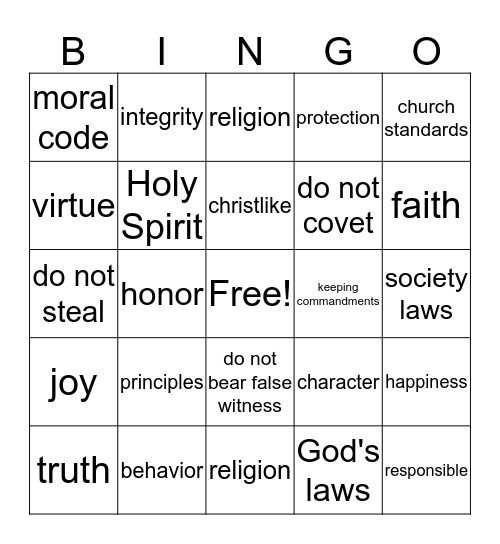 Honesty Bingo Card
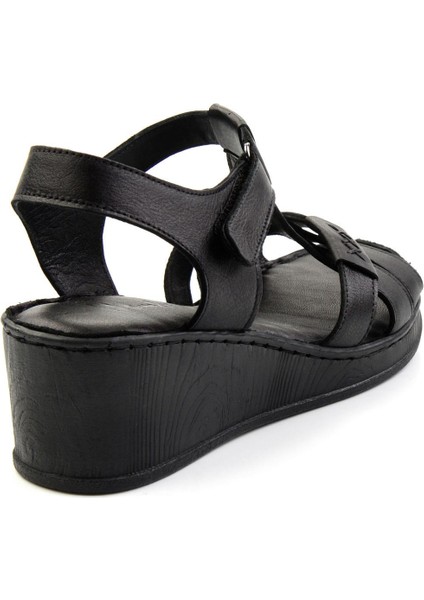 Siyah Leather Kadın Sandalet K05552006003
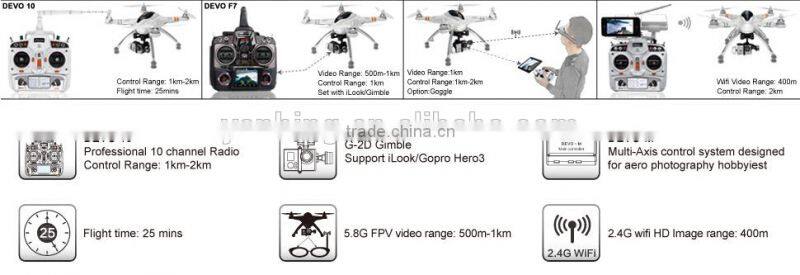 Walkera QR X350Pro 5.8GHz GPS RC FPV quadcopter drone with 6CH DEVO F7 Transmitter with HD camera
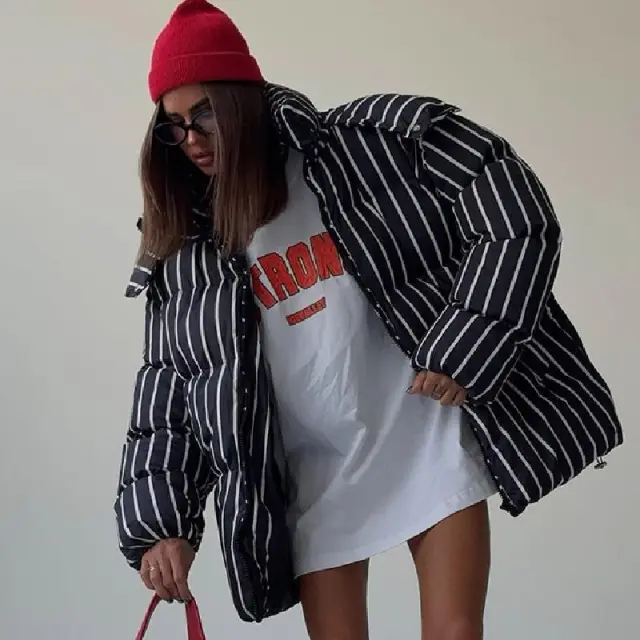 Warm Stand Collar Striped Hooded Cotton Coat Jacket Black - Shop at LoveMi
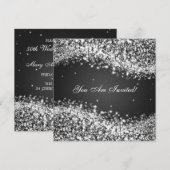50e huwelijksverjaardag Sparkling Wave Black Kaart (Voorkant / Achterkant)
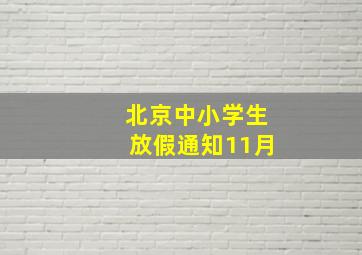 北京中小学生放假通知11月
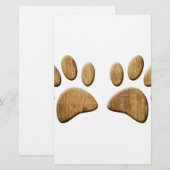 Hout Dog Paw Print Briefpapier (Voorkant / Achterkant)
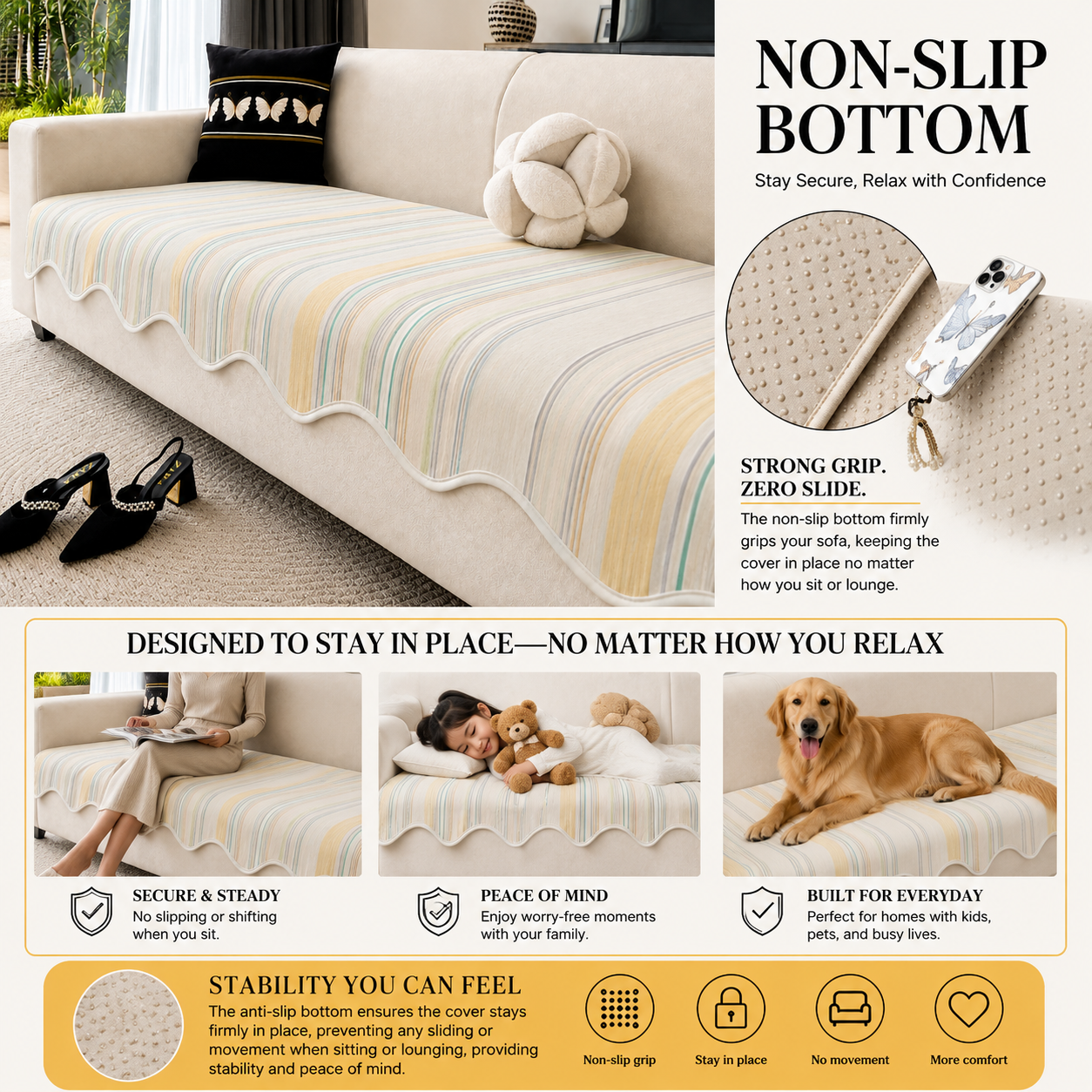 Non-Slip Pastel Watercolor Stripe Chenille Sofa Cover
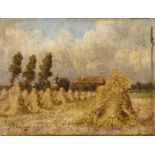 Joseph Caron,  Belgian 1866-1944-  Haystacks;  oil on panel, signed 'Jh. Caron' (lower left), b...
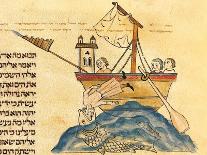 Jonah Eaten by the Whale, from a Hebrew Bible, 1299-Joseph Asarfati-Stretched Canvas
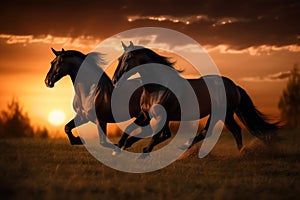 AI generated illustration of two majestic horses galloping across a lush grassy field at dusk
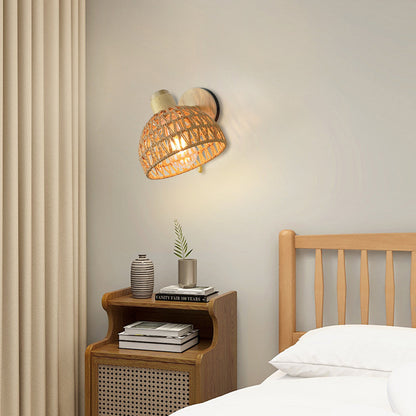 Farmhouse Weaving Hollow Out Dome 1-Light Wall Sconce Lamp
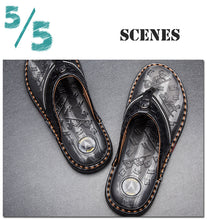 Load image into Gallery viewer, Genuine Leather Luxury Slippers Beach Casual Sandals Summer for Men Fashion Shoes High Quality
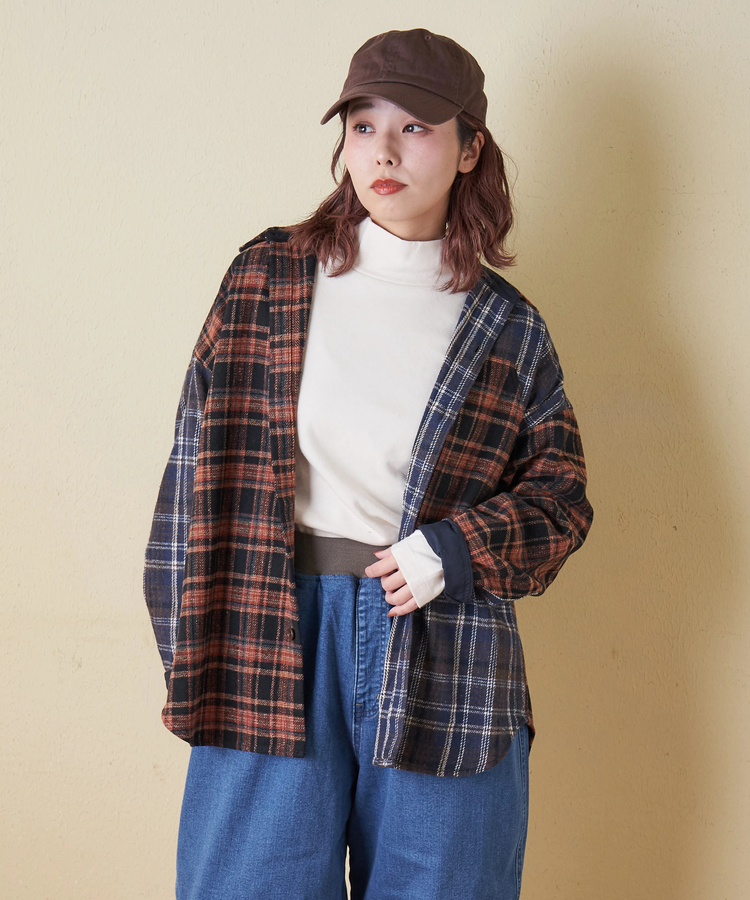 CUBE SUGAR(キューブシュガー) |【秋冬新作】ネル チェック 切替 ビッグシャツ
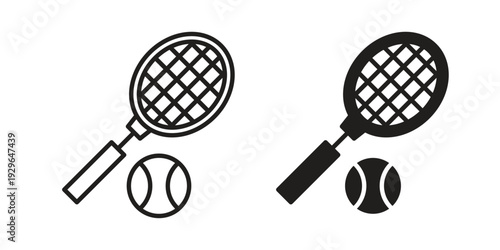 Tennis icons In Trendy Design Vector Eps 10, Editable Stroke and solid flat.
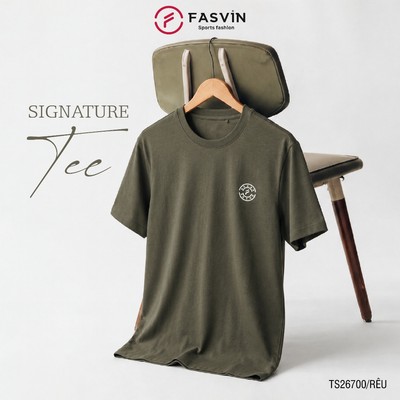 Áo Phông Nam COTTON FASVIN Vải Mềm Mát Co Giãn Hàng Nhà Máy TS26700.HN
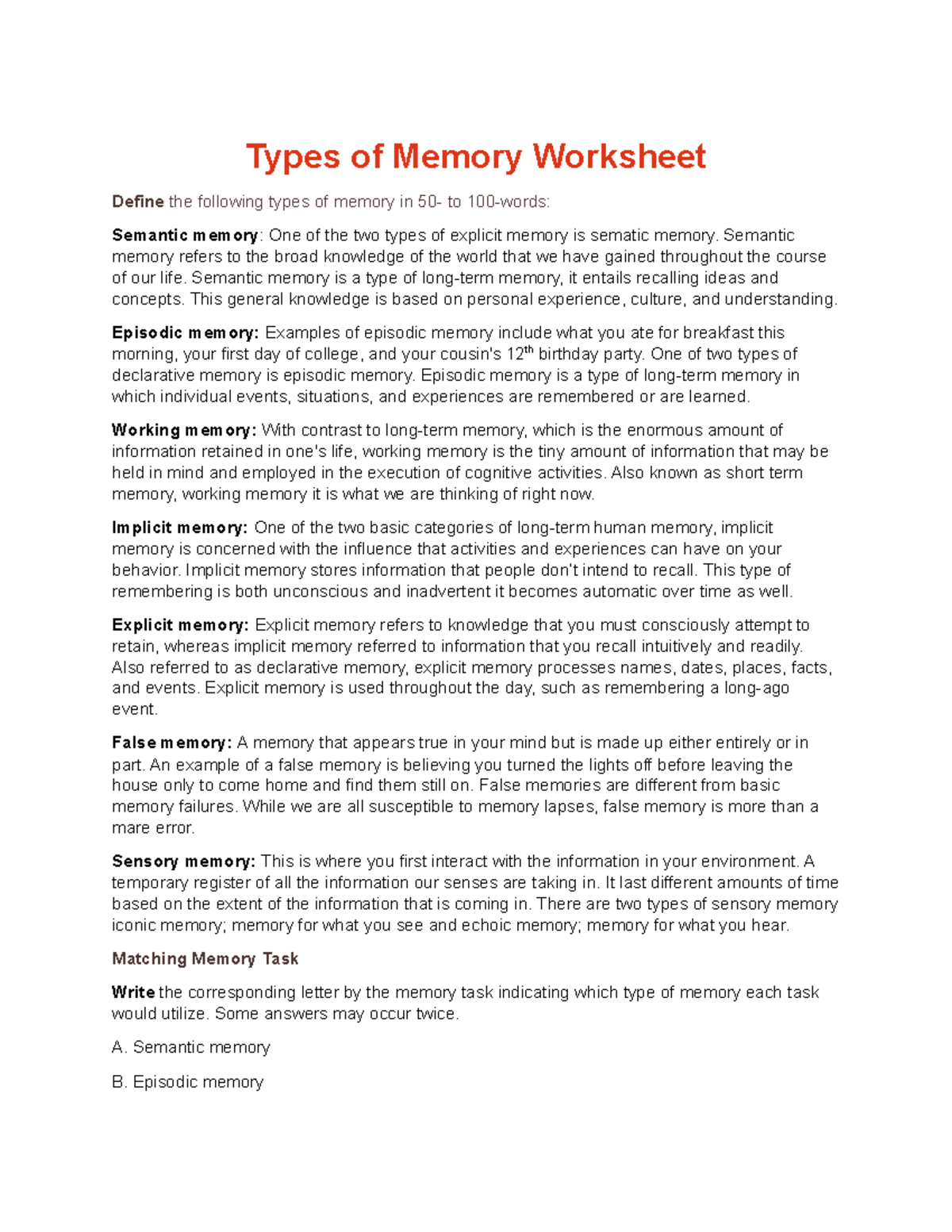 Week 4 Learning and Cognition PSY 390 - Types of Memory Worksheet Define  the following types of - Studocu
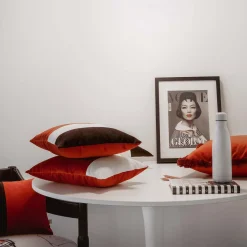 Triple Black White Optical Brick Red Cushion - Left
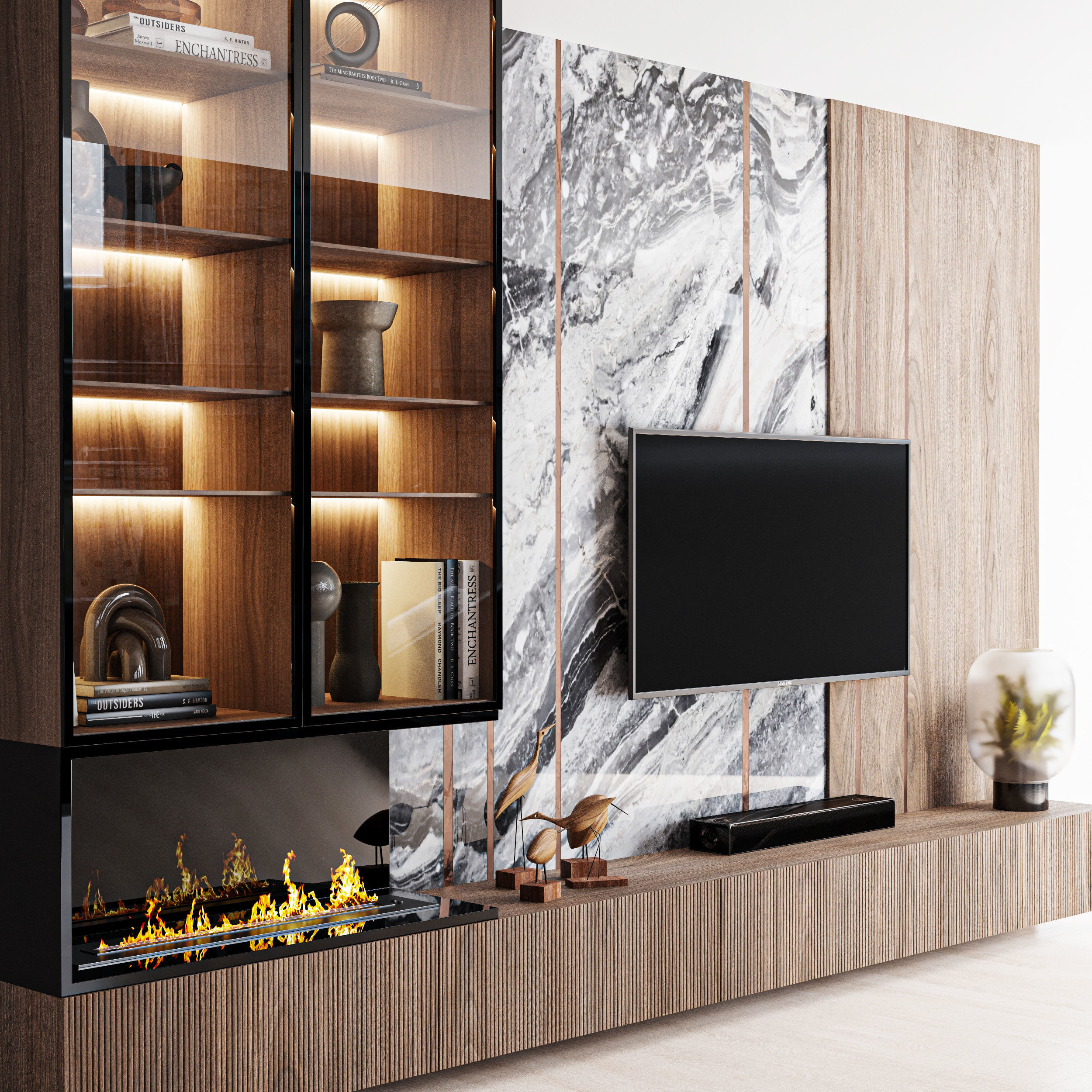 TV Wall 04 3D model_2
:::
**YOUR OBJECTIVE**
Each entry, start to finish, goes into your copy exactly; the pictures stay out.

**EXERCISE SOLUTION**
 Honesty Bingo Card
 Siyah Leather Kadın Sandalet K05552006003
 Walkera QR X350Pro 5.8GHz GPS RC FPV quadcopter drone with 6CH DEVO F7 Transmitter with HD camera
 Warm Stand Collar Striped Hooded Cotton Coat Jacket Black - Shop at LoveMi
50e huwelijksverjaardag Sparkling Wave Black Kaart (Voorkant / Achterkant)
 北京中小学生放假通知11月
 Hout Dog Paw Print Briefpapier (Voorkant / Achterkant)
 Non-Slip Pastel Watercolor Stripe Chenille Sofa Cover
 Joseph Caron,  Belgian 1866-1944-  Haystacks;  oil on panel, signed 'Jh. Caron' (lower left), b...
 Jonah Eaten by the Whale, from a Hebrew Bible, 1299-Joseph Asarfati-Stretched Canvas
 AI generated illustration of two majestic horses galloping across a lush grassy field at dusk
 Farmhouse Weaving Hollow Out Dome 1-Light Wall Sconce Lamp
 Load image into Gallery viewer, Genuine Leather Luxury Slippers Beach Casual Sandals Summer for Men Fashion Shoes High Quality
 CUBE SUGAR(キューブシュガー) |【秋冬新作】ネル チェック 切替 ビッグシャツ
 Tennis icons In Trendy Design Vector Eps 10, Editable Stroke and solid flat.
 Áo Phông Nam COTTON FASVIN Vải Mềm Mát Co Giãn Hàng Nhà Máy TS26700.HN
 Week 4 Learning and Cognition PSY 390 - Types of Memory Worksheet Define  the following types of - Studocu
 Triple Black White Optical Brick Red Cushion - Left
 TV Wall 04 3D model_2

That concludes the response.